Search the data for the word "Symbolbild" and copy out every line that has it.

==== GIVEN INFORMATION ====

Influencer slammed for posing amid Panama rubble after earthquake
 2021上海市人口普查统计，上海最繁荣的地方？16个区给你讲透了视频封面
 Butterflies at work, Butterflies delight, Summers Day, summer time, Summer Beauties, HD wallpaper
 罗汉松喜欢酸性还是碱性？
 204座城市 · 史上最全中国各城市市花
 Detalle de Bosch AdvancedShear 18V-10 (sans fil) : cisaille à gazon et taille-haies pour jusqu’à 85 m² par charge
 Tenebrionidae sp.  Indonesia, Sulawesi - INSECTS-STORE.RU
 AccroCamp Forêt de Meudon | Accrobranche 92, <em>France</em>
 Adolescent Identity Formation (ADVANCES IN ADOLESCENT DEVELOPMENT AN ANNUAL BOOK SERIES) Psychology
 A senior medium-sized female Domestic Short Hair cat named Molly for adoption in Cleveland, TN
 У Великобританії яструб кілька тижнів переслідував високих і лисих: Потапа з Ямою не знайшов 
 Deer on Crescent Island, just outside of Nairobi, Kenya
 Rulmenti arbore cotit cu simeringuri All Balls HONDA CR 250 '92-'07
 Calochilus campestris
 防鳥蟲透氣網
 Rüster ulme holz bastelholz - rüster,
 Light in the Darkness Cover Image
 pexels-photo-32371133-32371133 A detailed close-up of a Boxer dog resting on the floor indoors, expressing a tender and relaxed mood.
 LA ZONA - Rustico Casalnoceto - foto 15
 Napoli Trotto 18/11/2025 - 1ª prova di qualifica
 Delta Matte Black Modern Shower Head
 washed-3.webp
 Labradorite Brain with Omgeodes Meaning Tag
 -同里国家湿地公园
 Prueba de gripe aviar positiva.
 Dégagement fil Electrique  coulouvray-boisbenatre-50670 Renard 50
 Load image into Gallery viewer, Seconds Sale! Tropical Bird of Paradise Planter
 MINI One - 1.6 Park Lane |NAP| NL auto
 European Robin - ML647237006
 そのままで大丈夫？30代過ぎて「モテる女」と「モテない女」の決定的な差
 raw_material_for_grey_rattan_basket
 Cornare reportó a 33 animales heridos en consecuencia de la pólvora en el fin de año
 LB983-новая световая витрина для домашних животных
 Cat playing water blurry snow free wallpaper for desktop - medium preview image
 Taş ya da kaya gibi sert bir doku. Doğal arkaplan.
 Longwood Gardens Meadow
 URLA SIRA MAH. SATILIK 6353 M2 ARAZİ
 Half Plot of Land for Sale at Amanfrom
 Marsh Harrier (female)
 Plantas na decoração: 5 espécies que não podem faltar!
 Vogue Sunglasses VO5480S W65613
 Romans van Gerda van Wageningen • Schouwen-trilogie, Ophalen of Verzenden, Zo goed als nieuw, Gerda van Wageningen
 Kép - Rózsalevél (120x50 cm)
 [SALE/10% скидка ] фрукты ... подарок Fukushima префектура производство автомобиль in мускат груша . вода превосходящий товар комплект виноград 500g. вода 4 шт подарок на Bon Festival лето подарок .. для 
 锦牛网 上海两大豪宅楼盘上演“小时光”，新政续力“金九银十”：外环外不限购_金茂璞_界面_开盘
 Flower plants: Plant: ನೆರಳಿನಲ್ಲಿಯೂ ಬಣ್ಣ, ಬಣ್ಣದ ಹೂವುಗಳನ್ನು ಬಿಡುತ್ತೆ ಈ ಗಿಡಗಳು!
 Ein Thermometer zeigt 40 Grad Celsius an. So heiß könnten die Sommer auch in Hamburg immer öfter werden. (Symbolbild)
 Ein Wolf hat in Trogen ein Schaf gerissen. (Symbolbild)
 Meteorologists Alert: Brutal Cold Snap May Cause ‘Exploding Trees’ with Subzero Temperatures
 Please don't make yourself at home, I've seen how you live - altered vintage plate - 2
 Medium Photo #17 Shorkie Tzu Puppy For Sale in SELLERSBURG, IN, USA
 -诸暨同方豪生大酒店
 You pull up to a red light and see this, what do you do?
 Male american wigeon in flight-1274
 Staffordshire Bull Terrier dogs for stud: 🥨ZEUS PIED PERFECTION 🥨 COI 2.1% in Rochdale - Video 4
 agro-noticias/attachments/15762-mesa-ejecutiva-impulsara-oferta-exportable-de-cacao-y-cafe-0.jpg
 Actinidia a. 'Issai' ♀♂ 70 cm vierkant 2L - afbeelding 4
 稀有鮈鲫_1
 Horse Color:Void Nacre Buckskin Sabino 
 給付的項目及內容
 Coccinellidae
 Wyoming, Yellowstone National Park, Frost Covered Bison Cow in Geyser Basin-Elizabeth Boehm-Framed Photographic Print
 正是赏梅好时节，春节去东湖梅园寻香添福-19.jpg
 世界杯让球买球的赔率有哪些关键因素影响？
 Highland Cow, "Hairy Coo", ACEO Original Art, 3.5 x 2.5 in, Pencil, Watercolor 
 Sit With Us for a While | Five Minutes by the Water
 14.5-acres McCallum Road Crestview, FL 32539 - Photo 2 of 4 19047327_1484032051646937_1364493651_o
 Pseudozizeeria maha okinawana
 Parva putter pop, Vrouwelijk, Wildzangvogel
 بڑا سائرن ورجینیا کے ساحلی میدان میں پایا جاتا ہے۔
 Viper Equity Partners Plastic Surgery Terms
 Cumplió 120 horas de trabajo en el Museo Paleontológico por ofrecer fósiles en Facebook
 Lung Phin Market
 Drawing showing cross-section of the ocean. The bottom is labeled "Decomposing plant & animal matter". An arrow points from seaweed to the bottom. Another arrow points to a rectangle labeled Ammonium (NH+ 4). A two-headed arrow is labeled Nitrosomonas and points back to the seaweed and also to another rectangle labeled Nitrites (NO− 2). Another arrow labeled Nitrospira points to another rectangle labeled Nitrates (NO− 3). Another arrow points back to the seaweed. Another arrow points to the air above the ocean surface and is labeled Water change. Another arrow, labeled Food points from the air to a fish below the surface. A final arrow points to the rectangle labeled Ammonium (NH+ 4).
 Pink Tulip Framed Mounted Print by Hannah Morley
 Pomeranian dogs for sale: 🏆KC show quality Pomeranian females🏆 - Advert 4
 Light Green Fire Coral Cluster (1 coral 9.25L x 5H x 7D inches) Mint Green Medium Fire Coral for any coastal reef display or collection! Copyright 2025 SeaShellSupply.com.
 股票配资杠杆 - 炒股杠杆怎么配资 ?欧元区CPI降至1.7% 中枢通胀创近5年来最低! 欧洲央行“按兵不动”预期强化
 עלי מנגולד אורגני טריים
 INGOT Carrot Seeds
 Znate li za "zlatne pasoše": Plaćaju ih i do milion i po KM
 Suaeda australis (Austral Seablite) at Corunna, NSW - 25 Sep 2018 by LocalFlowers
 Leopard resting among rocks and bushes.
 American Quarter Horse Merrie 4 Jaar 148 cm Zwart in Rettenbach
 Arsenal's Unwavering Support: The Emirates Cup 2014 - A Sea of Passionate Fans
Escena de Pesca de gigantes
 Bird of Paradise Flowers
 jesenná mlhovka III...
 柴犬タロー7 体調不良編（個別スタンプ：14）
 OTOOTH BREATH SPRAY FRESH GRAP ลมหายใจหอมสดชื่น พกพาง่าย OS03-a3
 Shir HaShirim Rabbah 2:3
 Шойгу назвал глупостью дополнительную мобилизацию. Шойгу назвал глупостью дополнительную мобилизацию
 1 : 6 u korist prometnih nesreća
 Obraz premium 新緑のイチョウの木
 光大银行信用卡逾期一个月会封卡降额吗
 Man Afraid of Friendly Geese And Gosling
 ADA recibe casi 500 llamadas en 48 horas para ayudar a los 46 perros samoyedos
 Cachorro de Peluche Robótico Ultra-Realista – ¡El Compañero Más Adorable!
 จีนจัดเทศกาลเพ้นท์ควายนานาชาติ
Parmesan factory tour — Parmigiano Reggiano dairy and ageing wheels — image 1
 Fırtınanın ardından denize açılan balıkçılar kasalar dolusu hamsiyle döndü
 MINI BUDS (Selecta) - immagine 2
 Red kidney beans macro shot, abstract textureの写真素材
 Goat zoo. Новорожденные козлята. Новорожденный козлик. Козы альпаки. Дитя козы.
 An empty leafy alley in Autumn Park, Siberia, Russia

====

=== ANSWER TO THIS TASK ===
 Ein Thermometer zeigt 40 Grad Celsius an. So heiß könnten die Sommer auch in Hamburg immer öfter werden. (Symbolbild)
 Ein Wolf hat in Trogen ein Schaf gerissen. (Symbolbild)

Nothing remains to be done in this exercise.